La batalla de Malvinas en 1914. En los tiempos de navegación a carbón, los barcos tenían poca autonomía. Debían “carbonear” con frecuencia. Eso hizo del archipiélago un asunto estratégico para la Royal Navy entre 1850 y 1920: las Malvinas eran el puerto perfecto para repostar combustible, agua, víveres, y además habían adquirido una pequeña pero muy capacitada mano de obra en materia de reparación de naves. Port Stanley, como se rebautizó a la capital insular, era el único astillero posible en esta parte del planeta.
Si a eso se le suman decenas de buenos puertos naturales y la posibilidad de cerrar desde allí el tránsito interoceánico a cualquier enemigo, se entiende el interés de Su Graciosa Majestad por quedarse en la zona, cuando ya las focas peleteras y las ballenas se habían prácticamente extinguido.
Tampoco era por la lana que la Union Jack seguía flameando en las Malvinas, pese a la amarga ira que eso despertaba en la Argentina. El enojo criollo no era un dato menor para Whitehall: finalizadas las guerras civiles, hacia 1880 la economía argentina se perfilaba como la quinta más importante del mundo, y el país como LA subpotencia regional.
La demostración “de tapa de libro” de por qué de todos modos convenía irritar a los argentinos y quedarse en las Malvinas los ingleses la dieron al mundo a comienzos de la 1ra Guerra Mundial. A fines de 1914, la escuadra Alemana de Asia Oriental, comandada por el almirante conde Von Spee, venía escapando de la Royal Navy y la Armada Imperial Japonesa. Bajaba a todo vapor a lo largo de la costa chilena, con la intención pasar al Atlántico por el Cabo de Hornos y refugiarse en Alemania.
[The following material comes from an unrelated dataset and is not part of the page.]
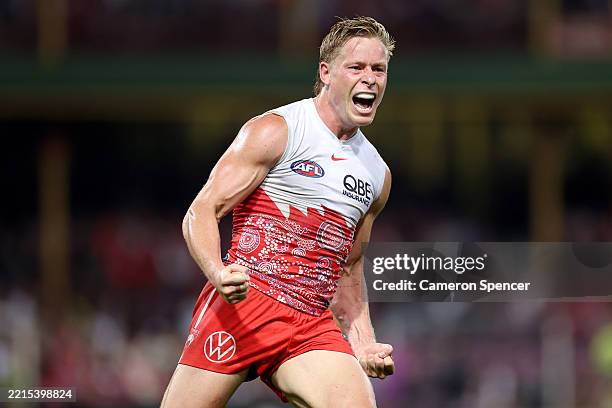 Isaac Heeney of the Swans celebrates kicking a goal during the round ten AFL match between Sydney Swans and Carlton Blues at Sydney Cricket Ground,...
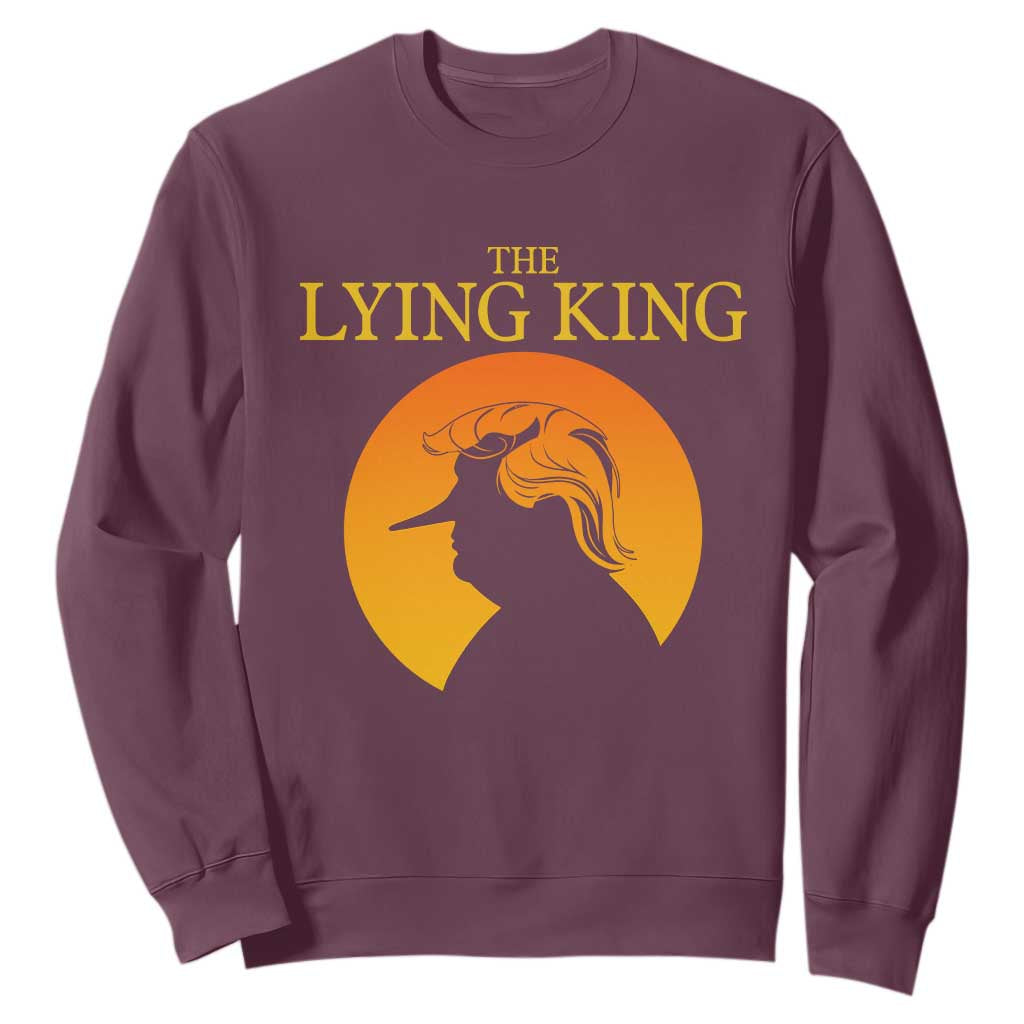Funny The Lying King Long Nose Silhouette Sweatshirt Vintage Political Satire Statement Gift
El 1 de noviembre, el contraalmirante Sir Christopher Cradock trató con coraje suicida y/o estúpido de interceptar la escuadra alemana con fuerzas muy inferiores en cantidad y calidad. Eso sucedió frente a la isla chilena de Coronel, y significó la primera derrota naval inglesa en más de un siglo, con el hundimiento de 2 cruceros y la muerte de 1570 de sus tripulantes. Los alemanes sólo tuvieron 3 heridos, un resultado increíblemente asimétrico.
Von Spee, recibido en triunfo como héroe por la población alemana cuando recaló en Santiago de Chile, no se hacía ilusiones sobre sus posibilidades de escapar de la venganza inglesa. Aceptó una ofrenda floral de las señoritas alemanas de Santiago con la ácida frase de que servirían para adornar su tumba.
No se equivocó.
Spee fue totalmente engañado por la inteligencia naval inglesa, cuyos criptógrafos en la luego famosa “room 40” habían descifrado los códigos de señales de la Kaiserliche Marine. Con una comunicación naval fácil de decodificar y de apariencia incompleta, los espías británicos convencieron al contraalmirante de que las Malvinas- carecían de protección, y que la única fuerza naval inglesa realmente de cuidado estaba muy al Norte, frente al Río de la Plata.
Audazmente, Spee ingresó al Atlántico por el cabo de Hornos, pero contra la opinión de sus oficiales, en lugar de escaparse sin dilación hacia Alemania se propuso antes atacar Port Stanley, y no para acopiar carbón (que en realidad le sobraba), sino quizás con la idea de destruir la única estación de reabastecimiento bajo bandera inglesa de la Royal Navy en el Cono Sur. Habría sido todo un saludo a su Majestad: “Bien, el Pacífico es de Uds., pero el Atlántico Sur ahora no es de nadie”.
El alemán atacó con una flota ya algo escasa de municiones. Y navegando a todo vapor en línea de batalla y con Port Stanley ya a la vista, se encontró de pronto, más allá de todo escape posible, con una fuerza muy superior a la suya, que lo esperaba en el puerto lista para zarpar. Súbitamente los alemanes quedaron bajo el fuego del Canopus, un vetusto acorazado inglés sin casi capacidad motriz, pero con grandes cañones de 300 mm. perfectamente funcionales. El Canopus había sido deliberadamente varado en una posición invisible para la flota atacante. Sorprendido totalmente, Spee ordenó un escape inmediato, pero los barcos ingleses ya estaban saliendo de puerto uno tras otro, y eran más en número, en velocidad y en potencia de fuego.
La persecución de la flota alemana duró desde las 10;00 de la mañana hasta las 21:23, ya anocheciendo, cuando la octava nave alemana de aquel día destinada a irse al fondo fue acorralada y despachada. En aquella emboscada perfecta, las pérdidas nuevamente fueron desproporcionadas: 1871 alemanes murieron y 217 fueron salvados y hechos prisioneros, frente a sólo 10 británicos caídos. Inglaterra no perdió ningún barco.
El contraalmirante Graf von Spee y sus dos hijos murieron aquel día.
La Royal Navy, a partir de ese momento y hasta la batalla de Jutlandia, el 31 de mayo de 1916, reinó sobre el Atlántico y se pudo concentrar con éxito en bloquear las líneas de suministro y estrangular a Alemania de suministros vitales (combustibles y comida), lo que a su vez desató el hambre y la rebelión social que finalmente determinaron la rendición de las Potencias Centrales en 1918.